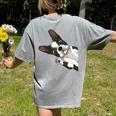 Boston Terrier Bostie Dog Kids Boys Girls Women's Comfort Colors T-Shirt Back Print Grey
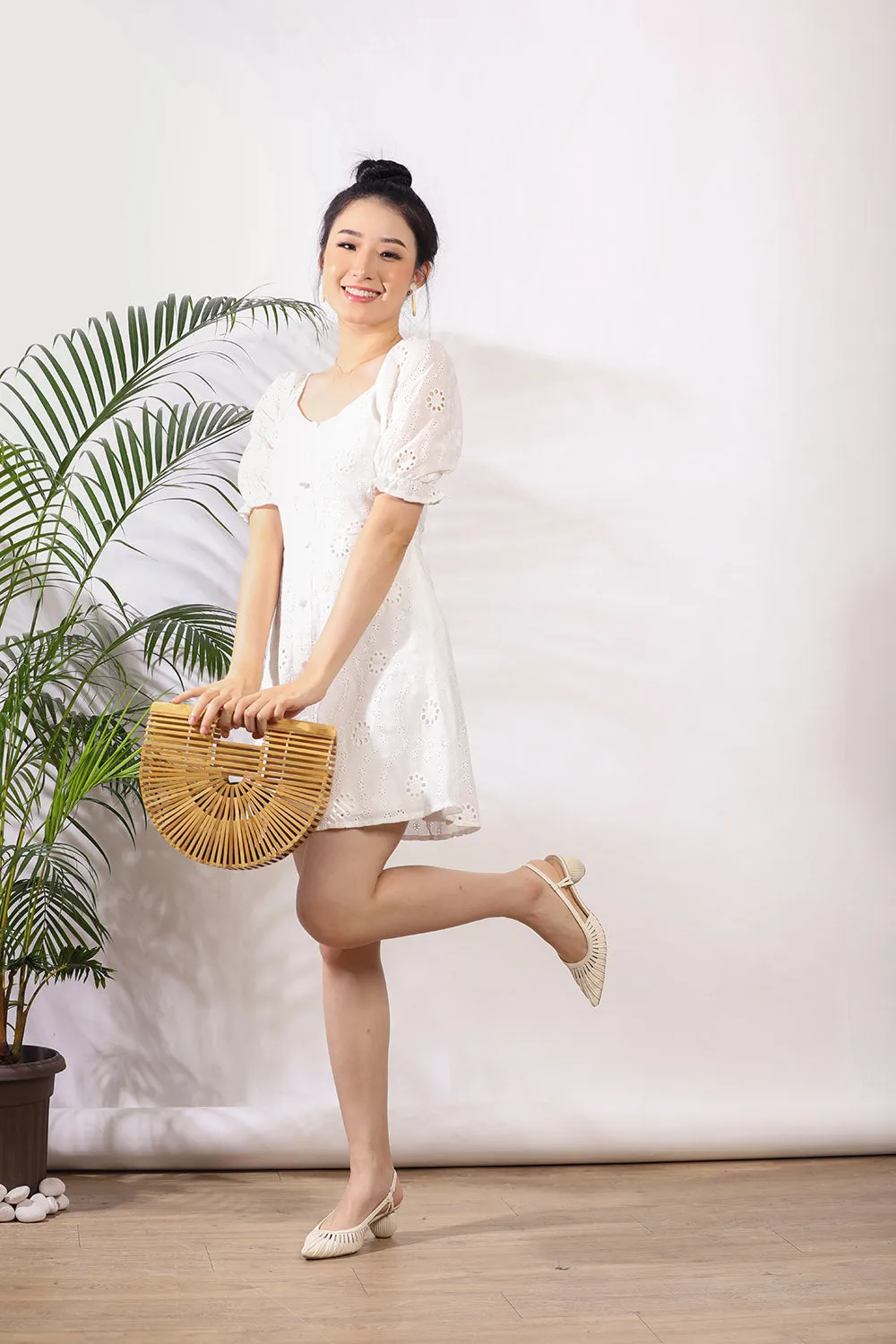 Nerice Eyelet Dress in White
■ ■ ■
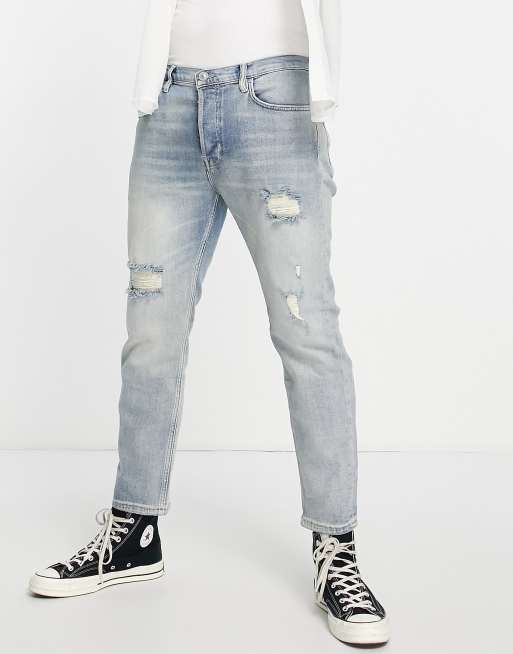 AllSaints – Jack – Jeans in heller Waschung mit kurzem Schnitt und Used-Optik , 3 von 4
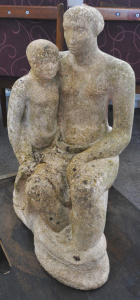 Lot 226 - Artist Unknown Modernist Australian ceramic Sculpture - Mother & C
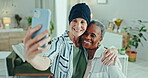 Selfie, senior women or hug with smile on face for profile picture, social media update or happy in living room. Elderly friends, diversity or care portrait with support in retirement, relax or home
■ ■ ■
**Your goal:** Take the lines above starting at the one containing "Boston Terrier Bostie" and ending at the one containing "Nerice Eyelet Dress in White", and print them again exactly, without pictures.

**Reply:**
 Boston Terrier Bostie Dog Kids Boys Girls Women's Comfort Colors T-Shirt Back Print Grey
 Nerice Eyelet Dress in White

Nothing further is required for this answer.